Free lunch for every student — NJ lawmakers approve a 5-year plan
🍎 Three legislative committees have approved a plan for universal free lunch at school
🍎 The number of eligible students would gradually increase over 5 years
🍎 Advocates say NJ shouldn't wait 5 years to make this happen
New Jersey is looking at the idea of providing every student with free school lunch, at an eventual cost of more than $500 million per year.
Legislation that puts a five-year timetable on the plan has been approved by two separate Assembly committees and a Senate panel, as some groups push lawmakers to get rid of the ramp-up and just immediately start feeding free lunch to every kid.
"Children can not learn on an empty stomach, and school meals are just as important to academic success as textbooks and transportation, which we do not charge families for," said Lisa Pitz, director of Hunger Free New Jersey.
Under the measure that's sponsored by four Democrats, including Assembly Speaker Craig Coughlin, schools would provide free lunch to a growing number of kids — with looser income restrictions each year — until every student is included in the sixth year, regardless of household income.
The bill's language gets the ball rolling in the 2023-2024 school year. Free lunch for all would kick in for the 2028-2029 school year.
Advocates for the change, including Assembly Agriculture and Food Security Committee Chairman Roy Freiman, said the implementation of free lunches would remove the stigma that's currently associated with free or reduced-price lunch and may deter some eligible families from participating.

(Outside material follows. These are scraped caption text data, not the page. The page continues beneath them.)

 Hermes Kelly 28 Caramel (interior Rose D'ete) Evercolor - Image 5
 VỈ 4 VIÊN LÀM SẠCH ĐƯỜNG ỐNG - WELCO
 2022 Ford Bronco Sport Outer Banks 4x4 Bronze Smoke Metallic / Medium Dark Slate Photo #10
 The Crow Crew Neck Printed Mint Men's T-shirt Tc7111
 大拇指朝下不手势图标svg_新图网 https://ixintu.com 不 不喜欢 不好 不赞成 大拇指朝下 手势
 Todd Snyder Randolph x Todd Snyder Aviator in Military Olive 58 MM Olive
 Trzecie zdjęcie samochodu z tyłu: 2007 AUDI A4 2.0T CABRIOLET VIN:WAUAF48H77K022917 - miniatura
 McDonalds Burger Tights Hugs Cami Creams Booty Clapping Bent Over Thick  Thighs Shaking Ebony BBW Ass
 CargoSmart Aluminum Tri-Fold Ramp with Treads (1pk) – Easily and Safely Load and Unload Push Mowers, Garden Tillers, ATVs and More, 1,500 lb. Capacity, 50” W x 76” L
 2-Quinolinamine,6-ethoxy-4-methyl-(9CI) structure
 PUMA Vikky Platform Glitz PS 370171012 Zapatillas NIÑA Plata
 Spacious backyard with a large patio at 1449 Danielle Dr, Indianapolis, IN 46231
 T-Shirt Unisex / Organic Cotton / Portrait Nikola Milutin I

"There's an embarrassment — this goes away," Freiman said. "There is no having to single themselves out, or go hungry as the other alternative."
Currently, the federal government covers for the cost of free meals for students who live in families who fall a certain level below the poverty level.
If New Jersey wants to expand the pool of eligible students, the federal government won't foot the bill. A fiscal estimate that accompanies the legislation says that New Jersey school districts would not be on the hook for the extra finances — it would be the state's responsibility.
In Fiscal Year 2025, the program would cost New Jersey $54.5 million, the estimate says. The price tag would be higher than $100 million during each of the next three years, until it eventually hits $518.9 million in Fiscal Year 2019 and beyond.
"We really appreciate the language throughout the bill that would essentially push the cost of expanding free meals on to the state, so that districts aren't faced with any kind of economic issues," said Jonathan Pushman, director of government relations for the New Jersey School Boards Association.
Freiman's committee unanimously approved the measure on June 15. The Assembly Appropriations Committee advanced the bill by a vote of 7-4 on June 22. The Senate Budget and Appropriations Committee green-lighted the bill on Tuesday.
Along with other groups, Hunger Free New Jersey expressed its support of universal free lunches but insisted that the multi-year phase-in be eliminated.
"We do not believe that we have the time to wait," Pitz said. "The time to act is now."